A dimostrazione che nei Balcani non esistono solo le crisi in Bosnia Erzegovina e Kosovo gli scontri sono scoppiati a metà dicembre durante una protesta dell’opposizione in Montenegro, riflettono, ancora una volta, una profonda crisi politica tra le fazioni filoccidentali, filoserbe e filorusse nel piccolo paese balcanico ,che è membro della NATO.

Sempre a inizio dicembre il Presidente della Repubblica della Macedonia del Nord Stevo Pendarovski ha reso noto che il sostegno popolare all’adesione all’Unione Europea nel suo paese è diminuito del 25% negli ultimi 18 mesi.

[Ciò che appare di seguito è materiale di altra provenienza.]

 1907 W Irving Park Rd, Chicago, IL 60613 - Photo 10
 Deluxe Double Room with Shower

Il leader della Macedonia del Nord ha ritenuto che spettasse alla leadership politica dell’UE dimostrare alla popolazione dei Balcani che l’adesione all’Unione era la migliore prospettiva per la prosperità del paese.

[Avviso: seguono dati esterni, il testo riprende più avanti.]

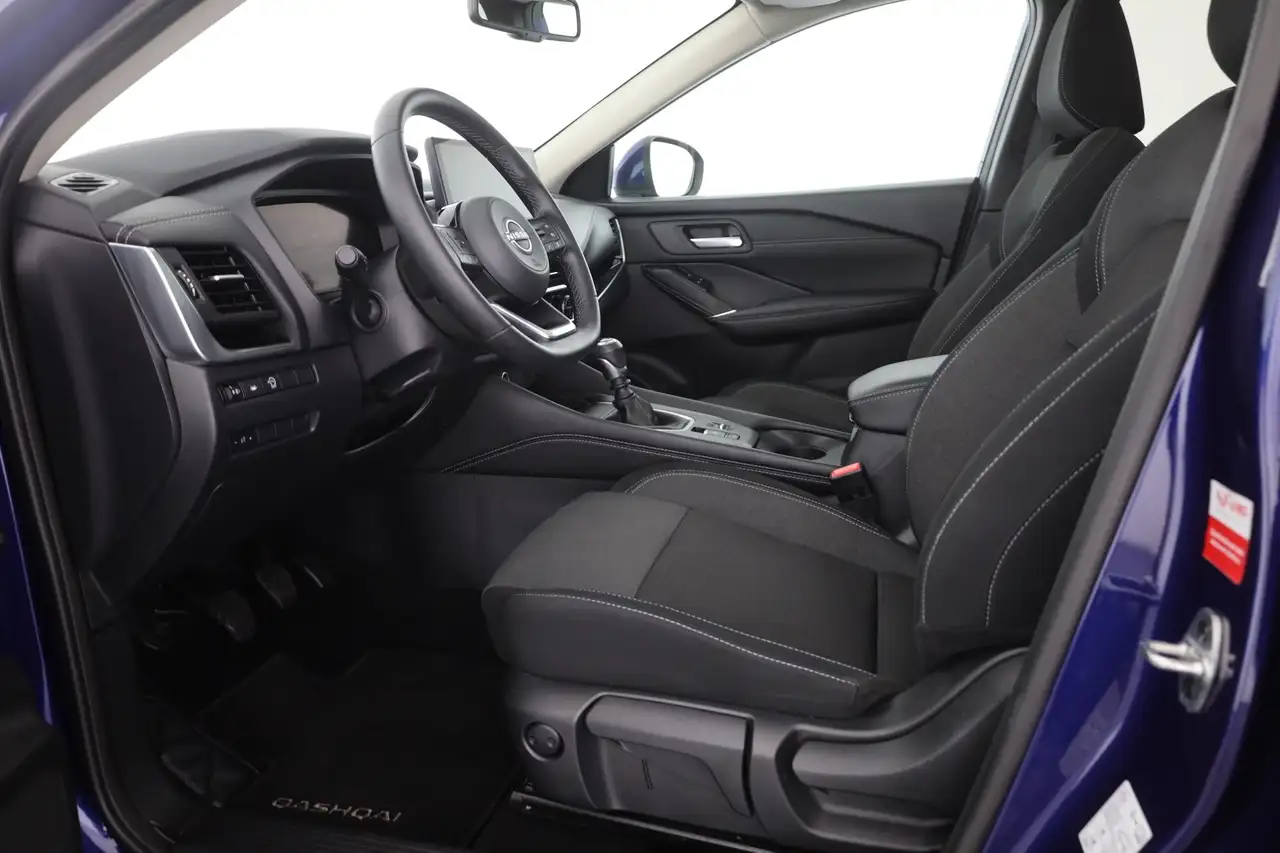 Nissan Qashqai N-Connecta 1.3 Dig-T LED ACC Navi Pano — Galería del vehículo 24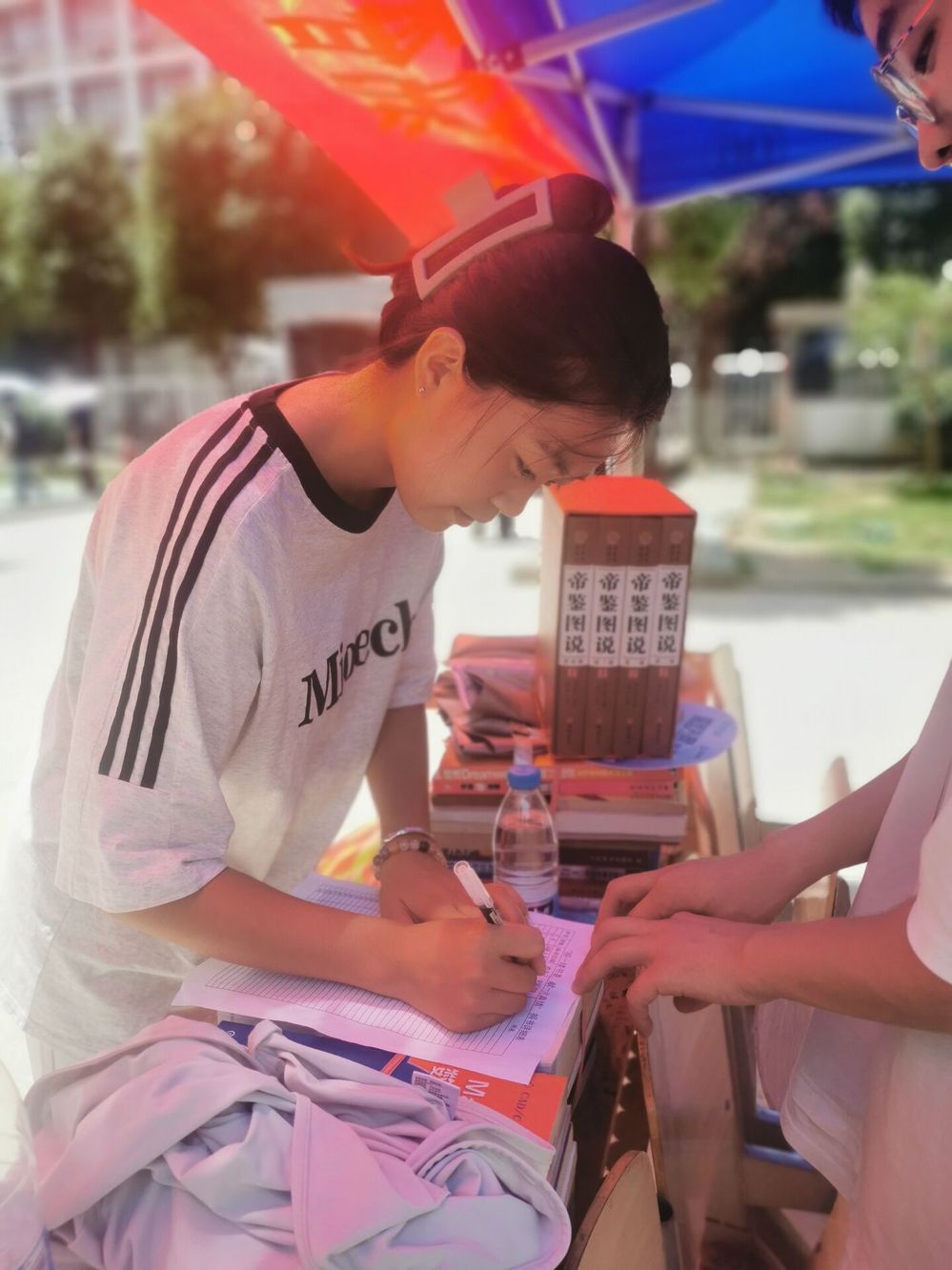 鄂州职业大学图书馆捐书活动火热进行中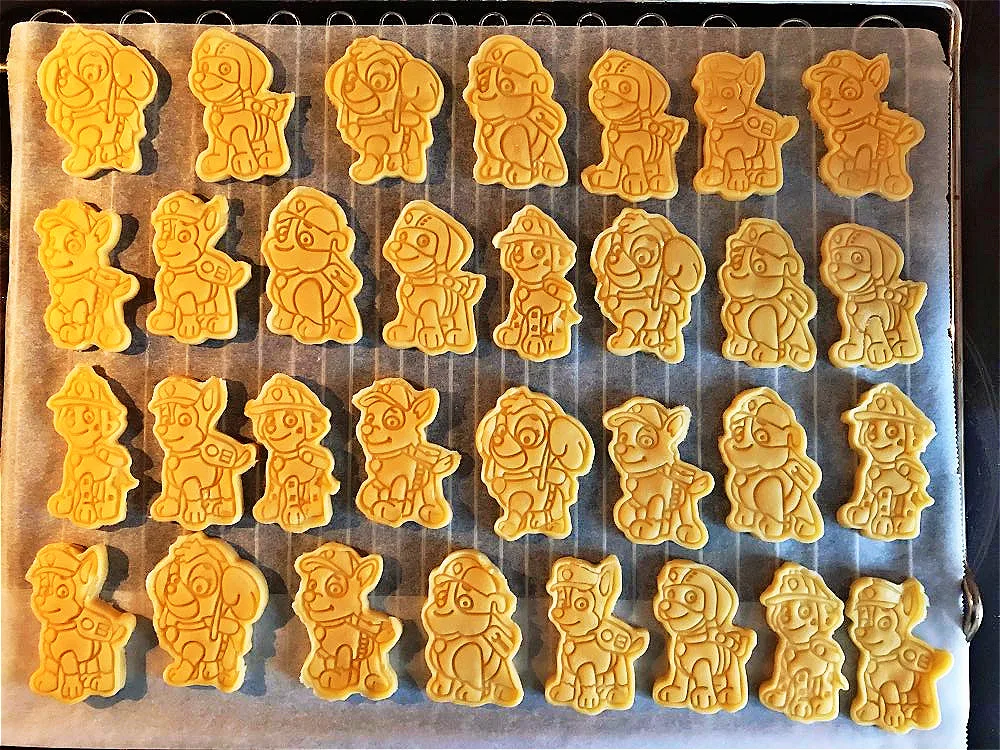 Cake Cookie Paw Patrol Cutter Plastica Fai Da Te 3D Stampo Da Forno Biscotti Cutter Set Cartoon Puppy Biscuit Baking Tool Strumenti Di Decorazione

I negoziati per l’adesione della Macedonia del Nord all’UE sono iniziati a metà luglio a Bruxelles e, ricordiamolo, Skopje è stata candidata per l’adesione al blocco dal 2005 insieme agli altri sette paesi: Albania, Moldavia, Montenegro, Serbia, Turchia e Ucraina.

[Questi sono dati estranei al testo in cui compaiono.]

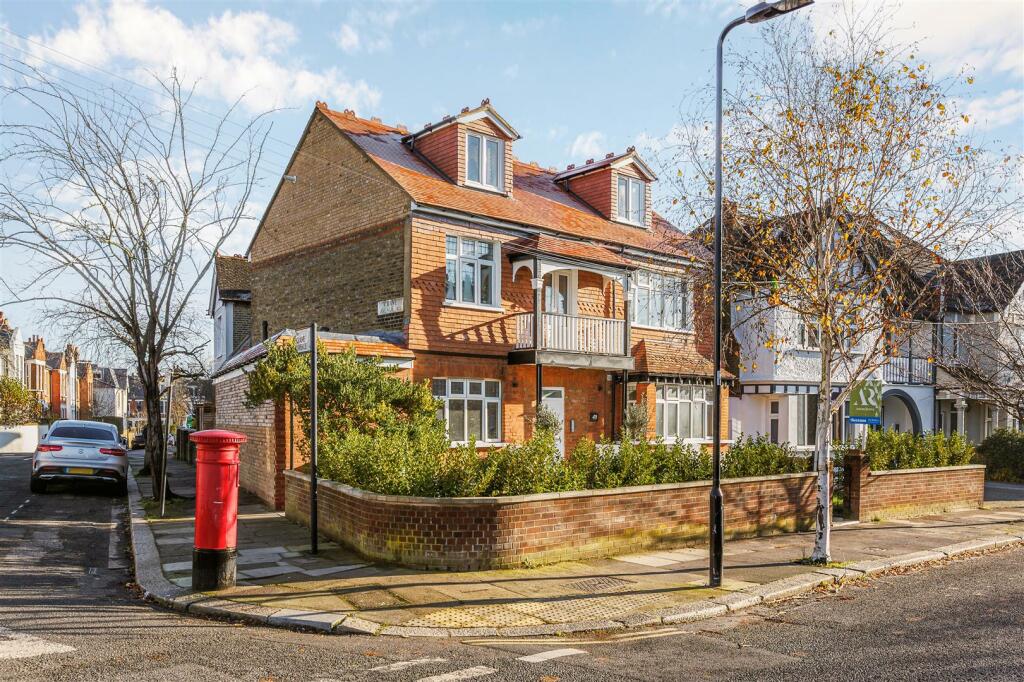 Flat 1, 49 Cumberland Park-2.jpg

La Bulgaria ha bloccato l’apertura dei negoziati fino a poco tempo fa, a causa di una disputa con la Macedonia del Nord su un lungo elenco di questioni storiche e linguistiche. La Bulgaria considera la lingua macedone come un dialetto bulgaro, mentre i due paesi contestano eventi e personaggi storici, ereditati principalmente dal passato ottomano.

La Macedonia del Nord si è impegnata a modificare la sua costituzione per includere i bulgari tra i gruppi etnici riconosciuti e ad attuare il trattato di amicizia del 2017 volto a sradicare l’incitamento all’odio. Come conseguenza, a giugno scorso il parlamento bulgaro ha accettato di revocare il veto in cambio della garanzia che la Macedonia del Nord avrebbe soddisfatto determinate richieste sui punti controversi. Da sottolineare che nel 2020, la Macedonia del Nord è entrata a far parte della NATO dopo essersi vista “costretta” a cambiare il suo nome ufficiale per convincere la Grecia a ritirare il suo veto all’ingresso nell’UE e nell’Alleanza Atlantica.

In conclusione, la NATO e l’UE si prefiggono di lavorare, nel 2023, di concerto per rafforzare un dialogo politico già in corso con la Serbia, che mantiene la sua neutralità nel bel mezzo del conflitto ucraino, la Bosnia-Erzegovina e il Kosovo, dove i cittadini di etnia serba sono accusati di essere ostacolo a qualsiasi passo verso una più stretta cooperazione con l’Alleanza e la definitiva pacificazione o accordo.

Va rimarcato nuovamente che qualunque sia l’accordo con cui si concluderà, si spera, la guerra nell’anno in corso, i Balcani dovranno rimanere al centro dell’ attenzione internazionale.